[[ Source data, beginning ]]

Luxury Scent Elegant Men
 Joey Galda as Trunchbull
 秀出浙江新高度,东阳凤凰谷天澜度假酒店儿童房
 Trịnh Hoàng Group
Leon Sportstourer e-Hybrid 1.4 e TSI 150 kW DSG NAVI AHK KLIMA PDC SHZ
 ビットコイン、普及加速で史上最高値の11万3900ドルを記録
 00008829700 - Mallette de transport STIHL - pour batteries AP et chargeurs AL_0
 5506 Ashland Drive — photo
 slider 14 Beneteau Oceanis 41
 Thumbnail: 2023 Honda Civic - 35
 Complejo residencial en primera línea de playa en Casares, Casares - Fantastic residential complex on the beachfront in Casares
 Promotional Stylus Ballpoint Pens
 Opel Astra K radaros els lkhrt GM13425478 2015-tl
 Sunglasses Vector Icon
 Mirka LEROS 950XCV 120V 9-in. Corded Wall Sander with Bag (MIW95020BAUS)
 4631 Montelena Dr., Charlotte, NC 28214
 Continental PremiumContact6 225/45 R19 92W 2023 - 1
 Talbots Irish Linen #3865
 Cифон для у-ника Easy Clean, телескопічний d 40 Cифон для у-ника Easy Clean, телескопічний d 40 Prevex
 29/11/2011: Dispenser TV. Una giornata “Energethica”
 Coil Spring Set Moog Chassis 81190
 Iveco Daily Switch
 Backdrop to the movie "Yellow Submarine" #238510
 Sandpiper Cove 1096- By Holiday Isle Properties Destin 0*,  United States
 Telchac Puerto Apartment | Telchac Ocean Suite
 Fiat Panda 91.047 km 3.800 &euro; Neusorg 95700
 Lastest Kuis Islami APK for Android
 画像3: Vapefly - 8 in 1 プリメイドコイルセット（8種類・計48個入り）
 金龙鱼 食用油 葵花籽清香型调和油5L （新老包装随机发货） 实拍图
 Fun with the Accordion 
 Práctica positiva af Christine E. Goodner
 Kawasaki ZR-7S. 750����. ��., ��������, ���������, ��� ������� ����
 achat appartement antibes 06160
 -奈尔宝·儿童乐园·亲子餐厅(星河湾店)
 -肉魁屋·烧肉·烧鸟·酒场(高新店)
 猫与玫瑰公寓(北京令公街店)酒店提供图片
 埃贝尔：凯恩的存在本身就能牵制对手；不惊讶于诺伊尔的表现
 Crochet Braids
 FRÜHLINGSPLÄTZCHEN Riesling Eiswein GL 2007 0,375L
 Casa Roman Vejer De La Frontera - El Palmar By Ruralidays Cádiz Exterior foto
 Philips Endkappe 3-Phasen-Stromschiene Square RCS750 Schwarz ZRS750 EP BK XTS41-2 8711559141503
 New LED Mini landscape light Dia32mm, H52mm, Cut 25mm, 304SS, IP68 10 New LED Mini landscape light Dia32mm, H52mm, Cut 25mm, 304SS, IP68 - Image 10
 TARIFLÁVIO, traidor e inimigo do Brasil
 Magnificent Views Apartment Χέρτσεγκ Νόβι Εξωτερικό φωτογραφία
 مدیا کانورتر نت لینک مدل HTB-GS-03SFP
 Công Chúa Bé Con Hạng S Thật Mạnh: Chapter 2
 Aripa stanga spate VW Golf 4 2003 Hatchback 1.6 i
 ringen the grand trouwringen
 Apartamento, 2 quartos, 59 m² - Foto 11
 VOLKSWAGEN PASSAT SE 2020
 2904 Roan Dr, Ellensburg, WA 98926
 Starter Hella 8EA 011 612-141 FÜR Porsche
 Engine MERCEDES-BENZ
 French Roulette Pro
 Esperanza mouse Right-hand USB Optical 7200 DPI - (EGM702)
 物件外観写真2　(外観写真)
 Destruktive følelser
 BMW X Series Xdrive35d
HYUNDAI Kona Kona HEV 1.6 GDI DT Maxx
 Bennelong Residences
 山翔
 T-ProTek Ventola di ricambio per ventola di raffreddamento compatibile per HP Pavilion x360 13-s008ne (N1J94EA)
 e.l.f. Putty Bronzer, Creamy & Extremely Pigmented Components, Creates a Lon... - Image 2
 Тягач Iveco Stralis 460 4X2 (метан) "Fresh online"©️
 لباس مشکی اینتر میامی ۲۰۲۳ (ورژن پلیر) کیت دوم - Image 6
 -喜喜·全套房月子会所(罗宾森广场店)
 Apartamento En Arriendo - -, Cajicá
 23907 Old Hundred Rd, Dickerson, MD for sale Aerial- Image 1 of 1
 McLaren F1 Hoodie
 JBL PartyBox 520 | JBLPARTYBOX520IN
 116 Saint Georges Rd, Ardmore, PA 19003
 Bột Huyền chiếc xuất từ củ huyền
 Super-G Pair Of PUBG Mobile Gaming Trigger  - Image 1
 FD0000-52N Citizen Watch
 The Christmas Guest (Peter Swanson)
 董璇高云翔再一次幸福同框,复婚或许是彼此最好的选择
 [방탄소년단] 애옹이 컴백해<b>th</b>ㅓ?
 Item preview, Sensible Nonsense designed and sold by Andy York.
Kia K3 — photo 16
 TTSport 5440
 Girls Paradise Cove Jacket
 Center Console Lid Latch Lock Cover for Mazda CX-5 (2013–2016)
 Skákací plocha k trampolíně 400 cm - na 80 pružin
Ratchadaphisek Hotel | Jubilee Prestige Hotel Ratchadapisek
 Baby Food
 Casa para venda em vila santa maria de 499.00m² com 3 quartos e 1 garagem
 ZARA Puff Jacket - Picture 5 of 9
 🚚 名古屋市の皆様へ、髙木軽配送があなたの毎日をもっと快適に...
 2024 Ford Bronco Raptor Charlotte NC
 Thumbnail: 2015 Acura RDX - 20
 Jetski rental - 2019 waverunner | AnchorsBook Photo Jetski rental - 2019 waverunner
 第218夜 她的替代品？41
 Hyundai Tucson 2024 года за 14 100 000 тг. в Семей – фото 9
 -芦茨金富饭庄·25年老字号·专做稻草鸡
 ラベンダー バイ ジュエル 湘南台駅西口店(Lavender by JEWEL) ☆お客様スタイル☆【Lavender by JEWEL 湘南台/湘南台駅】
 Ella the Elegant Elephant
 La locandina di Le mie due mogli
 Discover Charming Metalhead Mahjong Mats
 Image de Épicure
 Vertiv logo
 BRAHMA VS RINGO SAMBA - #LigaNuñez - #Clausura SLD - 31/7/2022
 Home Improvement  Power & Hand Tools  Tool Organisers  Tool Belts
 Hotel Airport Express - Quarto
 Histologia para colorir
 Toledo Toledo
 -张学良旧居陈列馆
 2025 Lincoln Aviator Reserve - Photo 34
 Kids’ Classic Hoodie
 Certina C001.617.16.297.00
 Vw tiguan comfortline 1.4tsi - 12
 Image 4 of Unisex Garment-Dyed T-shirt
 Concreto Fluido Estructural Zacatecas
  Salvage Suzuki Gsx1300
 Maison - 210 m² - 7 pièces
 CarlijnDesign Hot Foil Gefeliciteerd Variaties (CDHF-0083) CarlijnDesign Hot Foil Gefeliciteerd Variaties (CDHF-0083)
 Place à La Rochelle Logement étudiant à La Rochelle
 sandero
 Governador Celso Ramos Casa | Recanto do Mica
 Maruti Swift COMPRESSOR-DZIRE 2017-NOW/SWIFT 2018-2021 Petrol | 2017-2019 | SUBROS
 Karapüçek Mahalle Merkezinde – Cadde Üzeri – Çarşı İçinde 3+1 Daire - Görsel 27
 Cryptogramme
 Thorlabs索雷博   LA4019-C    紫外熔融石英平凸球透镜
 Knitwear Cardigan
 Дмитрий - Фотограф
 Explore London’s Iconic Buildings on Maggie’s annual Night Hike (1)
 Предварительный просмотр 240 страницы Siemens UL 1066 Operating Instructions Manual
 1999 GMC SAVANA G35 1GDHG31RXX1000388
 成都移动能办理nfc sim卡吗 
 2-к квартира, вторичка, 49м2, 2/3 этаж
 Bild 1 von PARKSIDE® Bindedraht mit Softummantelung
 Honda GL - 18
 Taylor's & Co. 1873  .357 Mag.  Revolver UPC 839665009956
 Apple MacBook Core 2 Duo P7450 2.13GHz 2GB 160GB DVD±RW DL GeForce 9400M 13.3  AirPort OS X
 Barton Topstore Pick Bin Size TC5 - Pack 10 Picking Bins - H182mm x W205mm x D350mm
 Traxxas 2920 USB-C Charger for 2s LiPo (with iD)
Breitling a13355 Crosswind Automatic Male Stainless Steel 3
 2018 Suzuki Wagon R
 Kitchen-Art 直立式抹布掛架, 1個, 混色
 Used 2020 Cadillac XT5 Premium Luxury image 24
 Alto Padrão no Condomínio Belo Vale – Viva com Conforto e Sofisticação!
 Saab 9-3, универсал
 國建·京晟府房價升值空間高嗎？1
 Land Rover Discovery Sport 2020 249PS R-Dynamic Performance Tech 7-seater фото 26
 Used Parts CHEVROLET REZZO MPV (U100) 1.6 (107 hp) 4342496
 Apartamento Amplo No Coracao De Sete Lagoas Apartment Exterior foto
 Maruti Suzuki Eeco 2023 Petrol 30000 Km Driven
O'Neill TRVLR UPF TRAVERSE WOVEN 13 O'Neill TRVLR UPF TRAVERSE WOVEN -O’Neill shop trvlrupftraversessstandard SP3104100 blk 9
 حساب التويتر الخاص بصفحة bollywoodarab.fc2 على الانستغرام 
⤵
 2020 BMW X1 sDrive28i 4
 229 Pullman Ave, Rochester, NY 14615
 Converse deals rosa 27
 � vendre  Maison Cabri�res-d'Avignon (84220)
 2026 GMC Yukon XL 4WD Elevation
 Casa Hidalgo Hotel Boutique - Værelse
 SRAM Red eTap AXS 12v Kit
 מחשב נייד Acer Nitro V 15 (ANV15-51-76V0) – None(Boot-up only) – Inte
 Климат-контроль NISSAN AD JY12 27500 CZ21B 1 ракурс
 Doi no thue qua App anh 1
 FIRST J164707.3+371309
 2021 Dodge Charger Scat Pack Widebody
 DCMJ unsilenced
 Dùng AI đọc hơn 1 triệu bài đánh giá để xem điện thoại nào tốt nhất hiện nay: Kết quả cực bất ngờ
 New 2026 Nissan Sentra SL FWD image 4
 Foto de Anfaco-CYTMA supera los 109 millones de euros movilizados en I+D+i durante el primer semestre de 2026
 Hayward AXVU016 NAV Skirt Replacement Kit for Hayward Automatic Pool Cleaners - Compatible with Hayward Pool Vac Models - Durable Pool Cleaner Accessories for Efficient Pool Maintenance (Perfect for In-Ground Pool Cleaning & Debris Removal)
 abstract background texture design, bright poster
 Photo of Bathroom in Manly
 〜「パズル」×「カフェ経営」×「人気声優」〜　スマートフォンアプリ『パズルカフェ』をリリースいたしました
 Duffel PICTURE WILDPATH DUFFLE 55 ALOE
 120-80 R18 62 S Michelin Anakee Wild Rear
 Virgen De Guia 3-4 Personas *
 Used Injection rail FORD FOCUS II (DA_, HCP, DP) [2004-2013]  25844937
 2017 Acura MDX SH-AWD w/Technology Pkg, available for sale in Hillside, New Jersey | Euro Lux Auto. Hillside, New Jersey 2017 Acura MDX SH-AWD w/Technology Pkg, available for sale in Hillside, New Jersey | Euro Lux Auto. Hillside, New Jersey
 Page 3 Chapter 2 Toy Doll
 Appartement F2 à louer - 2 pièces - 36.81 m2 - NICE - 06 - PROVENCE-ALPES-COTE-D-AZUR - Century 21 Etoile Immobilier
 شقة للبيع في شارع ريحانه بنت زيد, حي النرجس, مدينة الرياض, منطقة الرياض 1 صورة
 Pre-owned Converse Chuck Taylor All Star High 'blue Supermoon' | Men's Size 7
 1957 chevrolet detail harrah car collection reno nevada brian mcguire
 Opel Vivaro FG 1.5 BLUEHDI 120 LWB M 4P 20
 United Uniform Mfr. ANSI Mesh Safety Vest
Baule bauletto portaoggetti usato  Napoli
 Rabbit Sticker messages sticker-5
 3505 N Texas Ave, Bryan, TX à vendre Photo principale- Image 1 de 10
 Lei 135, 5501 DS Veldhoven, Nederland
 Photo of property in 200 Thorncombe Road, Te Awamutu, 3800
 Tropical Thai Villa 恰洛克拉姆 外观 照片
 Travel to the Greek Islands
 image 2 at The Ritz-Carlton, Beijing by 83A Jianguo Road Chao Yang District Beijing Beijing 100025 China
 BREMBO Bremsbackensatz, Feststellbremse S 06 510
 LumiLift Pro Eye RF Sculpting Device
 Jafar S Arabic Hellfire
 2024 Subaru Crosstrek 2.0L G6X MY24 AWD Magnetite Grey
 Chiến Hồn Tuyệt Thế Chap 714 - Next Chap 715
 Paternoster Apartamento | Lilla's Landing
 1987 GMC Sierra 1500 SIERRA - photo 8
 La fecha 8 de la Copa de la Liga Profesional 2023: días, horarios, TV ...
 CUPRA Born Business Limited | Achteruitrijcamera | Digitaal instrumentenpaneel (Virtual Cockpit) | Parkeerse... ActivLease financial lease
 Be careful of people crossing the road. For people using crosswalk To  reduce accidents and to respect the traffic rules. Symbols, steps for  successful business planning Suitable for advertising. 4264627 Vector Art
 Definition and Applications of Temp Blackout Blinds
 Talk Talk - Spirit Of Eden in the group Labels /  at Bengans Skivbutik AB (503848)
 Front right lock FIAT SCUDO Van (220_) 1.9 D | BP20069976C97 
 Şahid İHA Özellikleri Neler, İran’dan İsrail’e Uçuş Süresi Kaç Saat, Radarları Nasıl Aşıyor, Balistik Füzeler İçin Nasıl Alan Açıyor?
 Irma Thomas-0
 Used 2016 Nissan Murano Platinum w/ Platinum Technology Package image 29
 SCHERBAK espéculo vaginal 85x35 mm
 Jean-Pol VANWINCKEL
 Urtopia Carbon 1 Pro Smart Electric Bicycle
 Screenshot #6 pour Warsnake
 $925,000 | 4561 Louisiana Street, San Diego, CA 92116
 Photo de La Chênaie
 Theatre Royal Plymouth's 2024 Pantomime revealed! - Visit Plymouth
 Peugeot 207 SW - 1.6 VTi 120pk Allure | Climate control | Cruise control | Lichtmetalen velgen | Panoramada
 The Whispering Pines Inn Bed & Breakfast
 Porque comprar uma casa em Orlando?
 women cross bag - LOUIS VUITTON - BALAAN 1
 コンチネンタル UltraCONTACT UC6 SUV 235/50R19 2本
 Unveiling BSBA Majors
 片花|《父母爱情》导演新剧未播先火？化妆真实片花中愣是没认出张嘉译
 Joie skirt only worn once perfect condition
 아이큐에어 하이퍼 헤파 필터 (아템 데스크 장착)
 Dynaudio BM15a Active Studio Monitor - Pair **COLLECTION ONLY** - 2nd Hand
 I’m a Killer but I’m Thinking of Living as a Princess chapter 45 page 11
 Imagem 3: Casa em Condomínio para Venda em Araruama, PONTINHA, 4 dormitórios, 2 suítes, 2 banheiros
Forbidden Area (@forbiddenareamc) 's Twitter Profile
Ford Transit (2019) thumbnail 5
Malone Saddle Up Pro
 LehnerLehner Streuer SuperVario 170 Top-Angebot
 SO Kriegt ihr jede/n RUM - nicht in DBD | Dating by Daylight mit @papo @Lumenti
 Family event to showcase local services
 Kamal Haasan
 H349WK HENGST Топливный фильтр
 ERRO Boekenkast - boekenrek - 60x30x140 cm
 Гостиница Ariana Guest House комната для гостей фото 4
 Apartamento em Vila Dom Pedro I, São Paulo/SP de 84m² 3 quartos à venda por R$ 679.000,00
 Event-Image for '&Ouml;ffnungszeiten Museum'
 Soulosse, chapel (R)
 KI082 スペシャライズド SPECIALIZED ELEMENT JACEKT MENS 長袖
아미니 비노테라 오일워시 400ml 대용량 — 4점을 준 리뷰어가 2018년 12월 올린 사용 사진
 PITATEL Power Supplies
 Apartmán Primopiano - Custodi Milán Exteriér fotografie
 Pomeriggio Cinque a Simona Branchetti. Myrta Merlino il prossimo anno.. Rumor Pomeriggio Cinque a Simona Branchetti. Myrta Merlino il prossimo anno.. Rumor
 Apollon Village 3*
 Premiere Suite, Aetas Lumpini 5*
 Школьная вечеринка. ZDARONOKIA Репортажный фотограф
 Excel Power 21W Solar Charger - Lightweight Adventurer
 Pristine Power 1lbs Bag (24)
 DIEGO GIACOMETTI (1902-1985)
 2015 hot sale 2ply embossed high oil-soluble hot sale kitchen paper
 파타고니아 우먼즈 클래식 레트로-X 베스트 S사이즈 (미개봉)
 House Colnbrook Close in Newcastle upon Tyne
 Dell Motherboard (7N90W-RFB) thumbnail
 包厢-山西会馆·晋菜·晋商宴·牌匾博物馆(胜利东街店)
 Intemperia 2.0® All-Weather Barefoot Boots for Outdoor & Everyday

[[ Source data, end ]]

Write down exactly the span of lines above from the one containing "IP68 - Image 10" to the one containing "Magnificent Views Apartment", both ends included.

 New LED Mini landscape light Dia32mm, H52mm, Cut 25mm, 304SS, IP68 10 New LED Mini landscape light Dia32mm, H52mm, Cut 25mm, 304SS, IP68 - Image 10
 TARIFLÁVIO, traidor e inimigo do Brasil
 Magnificent Views Apartment Χέρτσεγκ Νόβι Εξωτερικό φωτογραφία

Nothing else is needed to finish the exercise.